I spent most of the day 20 feet above the ground on a ladder, installing gutters above the basement guest room's slab. I experienced surprisingly few problems and managed to get all 26 feet of gutter installed before a bunch of old ladies showed up to participate in a monthly poetry group in which Gretchen is the youngest member. The overall shape of today's gutter installation was that of a capital L. I didn't worry about downspouts; rain water will simply be ejected out of either end of the gutters like from gargoyles on a cathedral. The water will land in the bushes several feet either downhill from the house or along its lowest contour, although at some point I might intercept this water for horticultural use.
The one problem I did encounter during the installation was the presence of paper wasps.
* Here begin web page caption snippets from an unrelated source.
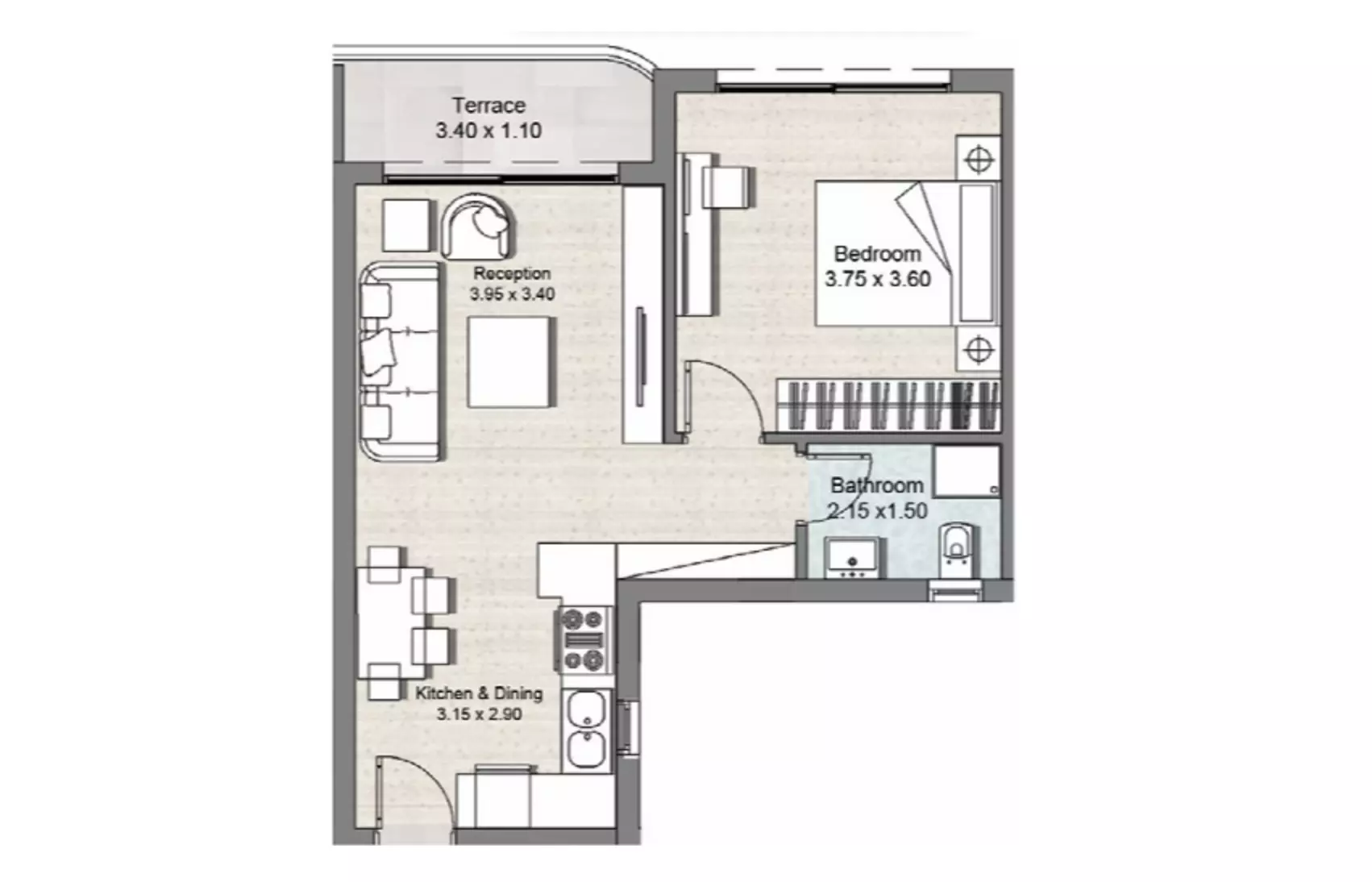 Unit floor plan image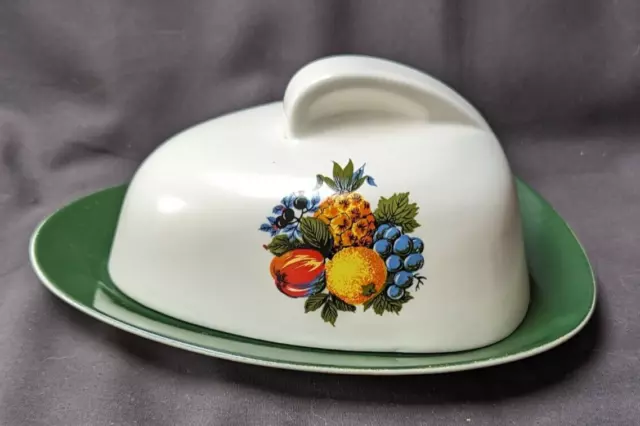 Vintage Carlton Ware Tropical Fruits Pattern Covered Dish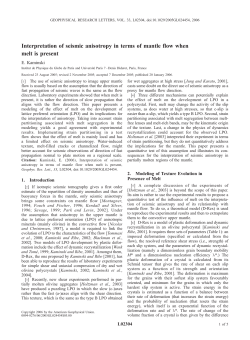 The interpretation of seismic anisotropy in terms of mantle flow when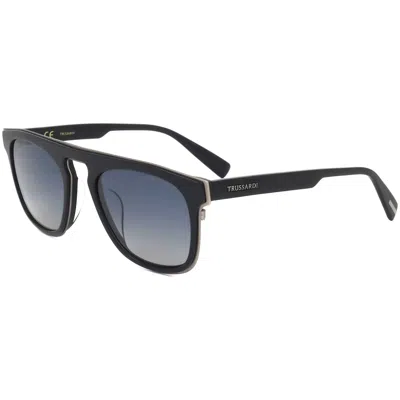 Trussardi Women's 53mm Black Sunglasses In Blue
There were maybe a half dozen small nests within two feet of the gutter's intended path, and one lay directly in that path. That one had to go, obviously, but what about the others? Though capable of inflicting excruciatingly painful stings, paper wasps are docile creatures and will not attack unless directly provoked. In addition to the one nest in the path, I also destroyed another one nearby. I didn't use any sort of pesticide to kill the suddenly-homeless wasps; instead I used a technique from my childhood, squirting them with soapy water until they fell and then trying to find them down on the ground so I could smush them. But I only managed to kill one this way. The others buzzed around for a time and eventually disappeared, perhaps picked off by the many dragonflies and Phoebes flying about.
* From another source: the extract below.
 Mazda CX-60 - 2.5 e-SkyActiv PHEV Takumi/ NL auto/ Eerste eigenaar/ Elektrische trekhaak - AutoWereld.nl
This business of killing wasps is not something I enjoy. I recognize that their paper nests are every bit as important to them as my house is to me and, though I believe amorality has no consequences for the amoral, I try to leave them be whenever possible. The ones I left alone today returned the favor; they'd go on alert, particularly when my hammering screwgun was banging away within a couple feet of their nest, and one even buzzed me, but I avoided being stung, a good thing when you're twenty feet up a ladder over a stone slab.
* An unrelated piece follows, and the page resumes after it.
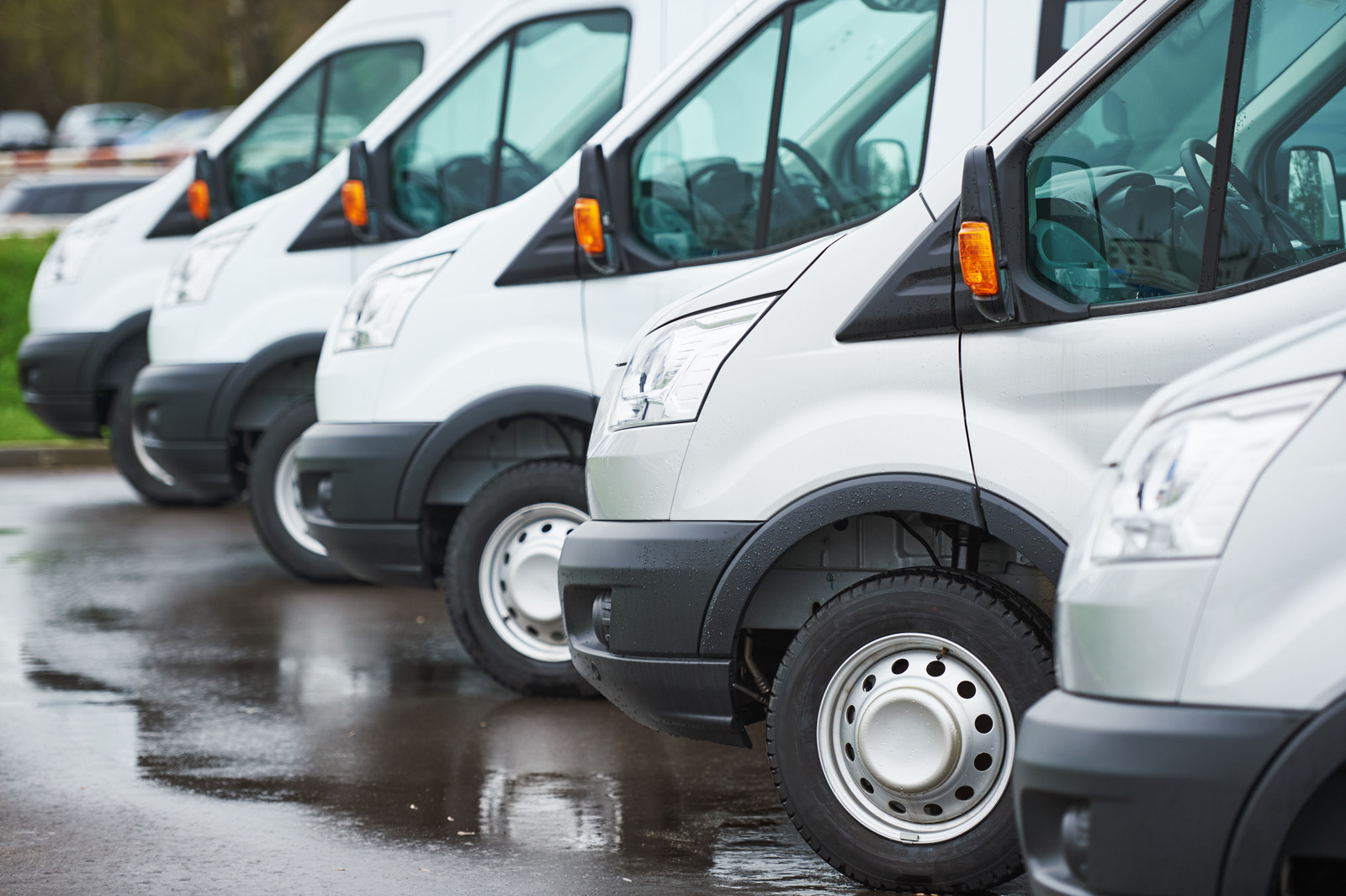 Electric trucks charging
When I'd put the vinyl gutter in above the garage doors, I'd had to evict a globular hornet nest roughly four inches in diameter. (These hornets had been small and been decorated with black and yellow stripes, thus indistinguishable from Yellowjackets.) Hornets are much more aggressive than wasps and to destroy this nest I'd had to spray it twice with noxious HotShot spray. Even after that, hornets still had still been either hatching or returning to the nest and I'd been forced to eliminate the stragglers with a shop vac.